All references to the Wisconsin Statutes are to the 2019-20 version unless otherwise noted.
¶12 The Coxes raise two categories of argument on appeal. First, they argue that WFG cannot rely on Policy exceptions that might otherwise preclude coverage because WFG issued the Policy three years late. Second, they argue that the Policy itself requires WFG to defend and indemnify them in this lawsuit. We reject these arguments and conclude that the circuit court properly granted summary judgment to WFG on the coverage issue.
The Coxes and the Putirskises submitted separate briefing, but their arguments largely overlap. For ease of reading, we refer to the Coxes as raising all of the arguments made in either the Coxes’ or the Putirskises’ briefing.
Relatedly, WFG argues that "the Putirskises have no right to appeal the circuit court's decision" because "only the Coxes are in privity of contract with WFG." This argument confuses the Putirskises’ contractual rights, if any, with the Putirskises’ standing to appeal as aggrieved parties. See Koller v. Liberty Mut. Ins. Co. , 190 Wis. 2d 263, 266, 526 N.W.2d 799 (Ct. App. 1994) ("The right to appeal is limited to parties aggrieved in some appreciable manner by the judgment.... A person is aggrieved if the judgment bears directly and injuriously upon his or her interests." (citation omitted)). WFG does not engage with the standard for determining whether an appellant is an aggrieved party. Accordingly, we do not address this argument. See State v. Pettit , 171 Wis. 2d 627, 646, 492 N.W.2d 633 (Ct. App. 1992) (we may decline to review issues inadequately briefed or unsupported by legal authority).
I. WFG's Untimely Issuance of the Policy Does Not Affect Its Coverage Obligations.

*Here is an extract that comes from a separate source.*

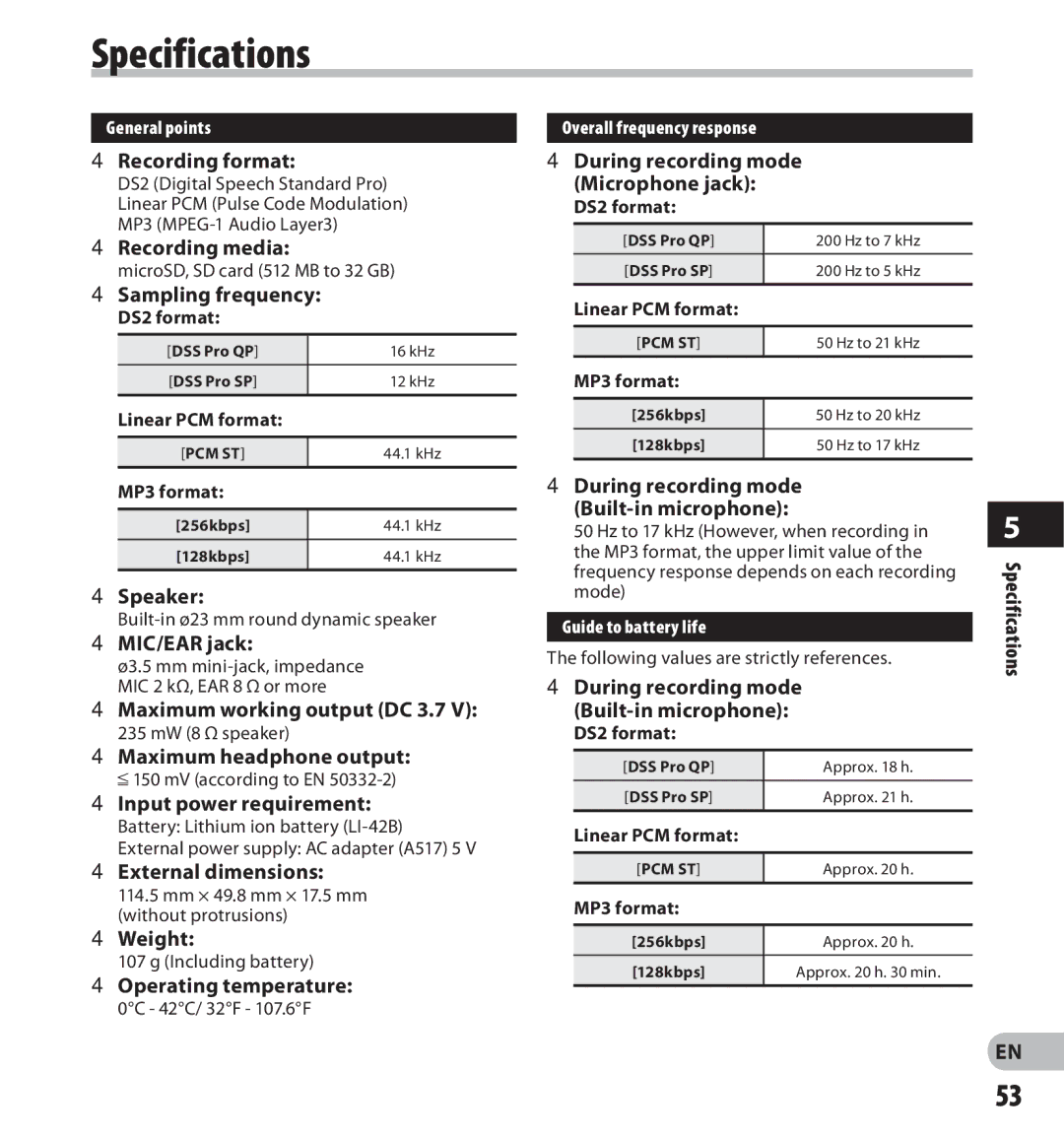 Olympus digital voice recorder manual Specifications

¶13 As background, WFG issued the Coxes’ title insurance commitment ("the Commitment") on January 10, 2017, thirteen days before the Coxes recorded their deed. It is undisputed that, through some error on WFG's part, WFG did not issue the Policy until April 2020, several months after the Coxes filed their third-party complaint against WFG. The initial issue before us is what effect, if any, the late issuance of the Policy should have on WFG's coverage obligations. In particular, as we discuss below, Schedule B of the Policy excepts coverage for disputes relating to the "rights and/or claims of others in and to," and the "terms and provisions as to the use and maintenance of," "that ingress/egress easement as set forth in [DeGroff Deeds 1-4] and as modified in [the Modification]." We refer to the two Schedule B exceptions relating to the "ingress/egress easement" as "the Easement Exceptions." Before we analyze whether the Easement Exceptions do apply, however, we must address the Coxes’ arguments that they cannot apply, as a matter of law, because the policy was issued late.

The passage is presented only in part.